Advanced Ansible Patterns#

As infrastructure grows from a handful of servers to hundreds or thousands, Ansible patterns that worked at small scale become bottlenecks. Playbooks that were simple and readable at 10 hosts become tangled at 100. Roles that were self-contained become duplicated across teams. This framework helps you decide which advanced patterns to adopt and when.

Roles vs Collections#

Roles and collections both organize Ansible content, but they serve different purposes and operate at different scales.

Roles are the basic unit of reusable Ansible content. A role encapsulates tasks, handlers, templates, files, and variables into a directory structure. Roles live inside a project or are shared via Ansible Galaxy.

Collections are the distribution unit for Ansible content. A collection packages multiple roles, modules, plugins, and playbooks under a namespace. Collections are versioned, installable via ansible-galaxy, and can declare dependencies on other collections.

When to use roles alone#

Use roles when your infrastructure is managed by a single team, roles are used within one or two projects, you have fewer than 20 roles, and you do not write custom modules or plugins. At this scale, the overhead of creating and versioning collections adds complexity without proportional benefit.

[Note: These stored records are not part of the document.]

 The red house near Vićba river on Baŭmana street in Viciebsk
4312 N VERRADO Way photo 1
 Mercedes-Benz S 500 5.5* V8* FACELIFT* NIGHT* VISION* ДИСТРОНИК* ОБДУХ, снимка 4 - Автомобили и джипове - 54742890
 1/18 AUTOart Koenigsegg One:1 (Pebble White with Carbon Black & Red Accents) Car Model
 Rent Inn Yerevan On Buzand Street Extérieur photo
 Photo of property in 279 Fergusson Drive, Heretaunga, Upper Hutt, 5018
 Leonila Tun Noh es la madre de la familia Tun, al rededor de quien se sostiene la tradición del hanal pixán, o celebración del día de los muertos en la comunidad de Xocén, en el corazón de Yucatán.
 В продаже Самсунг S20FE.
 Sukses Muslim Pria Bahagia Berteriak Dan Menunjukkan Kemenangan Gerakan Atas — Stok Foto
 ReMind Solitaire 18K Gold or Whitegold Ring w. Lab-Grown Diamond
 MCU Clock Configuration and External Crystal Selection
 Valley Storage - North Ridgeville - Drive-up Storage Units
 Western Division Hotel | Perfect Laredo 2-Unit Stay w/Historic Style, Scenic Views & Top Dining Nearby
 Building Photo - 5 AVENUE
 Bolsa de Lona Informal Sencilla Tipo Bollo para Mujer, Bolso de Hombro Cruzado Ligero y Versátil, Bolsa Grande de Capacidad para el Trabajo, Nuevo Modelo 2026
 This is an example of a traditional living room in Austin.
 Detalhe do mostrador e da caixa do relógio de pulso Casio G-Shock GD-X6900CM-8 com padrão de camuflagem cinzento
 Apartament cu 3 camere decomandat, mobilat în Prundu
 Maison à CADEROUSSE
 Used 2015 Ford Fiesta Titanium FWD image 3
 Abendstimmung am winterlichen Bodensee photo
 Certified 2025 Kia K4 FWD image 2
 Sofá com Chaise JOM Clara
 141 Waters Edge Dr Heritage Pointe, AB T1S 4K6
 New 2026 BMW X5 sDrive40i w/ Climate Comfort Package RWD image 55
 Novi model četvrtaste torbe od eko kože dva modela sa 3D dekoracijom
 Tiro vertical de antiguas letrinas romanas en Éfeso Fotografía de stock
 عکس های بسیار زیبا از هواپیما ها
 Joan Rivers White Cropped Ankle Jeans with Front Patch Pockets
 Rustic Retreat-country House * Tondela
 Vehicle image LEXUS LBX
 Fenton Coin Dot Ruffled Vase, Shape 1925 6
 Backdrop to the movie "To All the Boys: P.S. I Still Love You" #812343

# Simple project structure with roles
site.yml
inventory/
  production/
    hosts.yml
    group_vars/
  staging/
    hosts.yml
    group_vars/
roles/
  webserver/
  database/
  monitoring/
  common/

When to move to collections#

Move to collections when roles are shared across multiple projects or teams, you write custom modules, plugins, or filters that need distribution, you need semantic versioning and dependency management for your Ansible content, or your organization has more than 50 roles and needs namespace organization.

# Collection structure
namespace/
  infra_platform/
    galaxy.yml
    roles/
      webserver/
      database/
      monitoring/
    plugins/
      modules/
        custom_deploy.py
      filter/
        network_utils.py
      callback/
        custom_logger.py
    playbooks/
      site.yml

The galaxy.yml file defines the collection metadata:

# galaxy.yml
namespace: myorg
name: infra_platform
version: 2.1.0
description: Infrastructure platform collection
dependencies:
  community.general: ">=6.0.0"
  ansible.posix: ">=1.5.0"

Build and install the collection:

ansible-galaxy collection build
ansible-galaxy collection install myorg-infra_platform-2.1.0.tar.gz

Decision summary#

Factor	Roles	Collections
Team count	1 team	Multiple teams
Reuse scope	Within project	Across projects/orgs
Custom modules/plugins	No	Yes
Versioning needs	Git tags sufficient	Semantic versioning required
Distribution	Git clone / Galaxy roles	Galaxy collections / Automation Hub
Overhead	Low	Medium

Dynamic Inventory#

Static inventory files list hosts manually. Dynamic inventory queries an external source (cloud provider API, CMDB, service discovery) to generate the inventory at runtime.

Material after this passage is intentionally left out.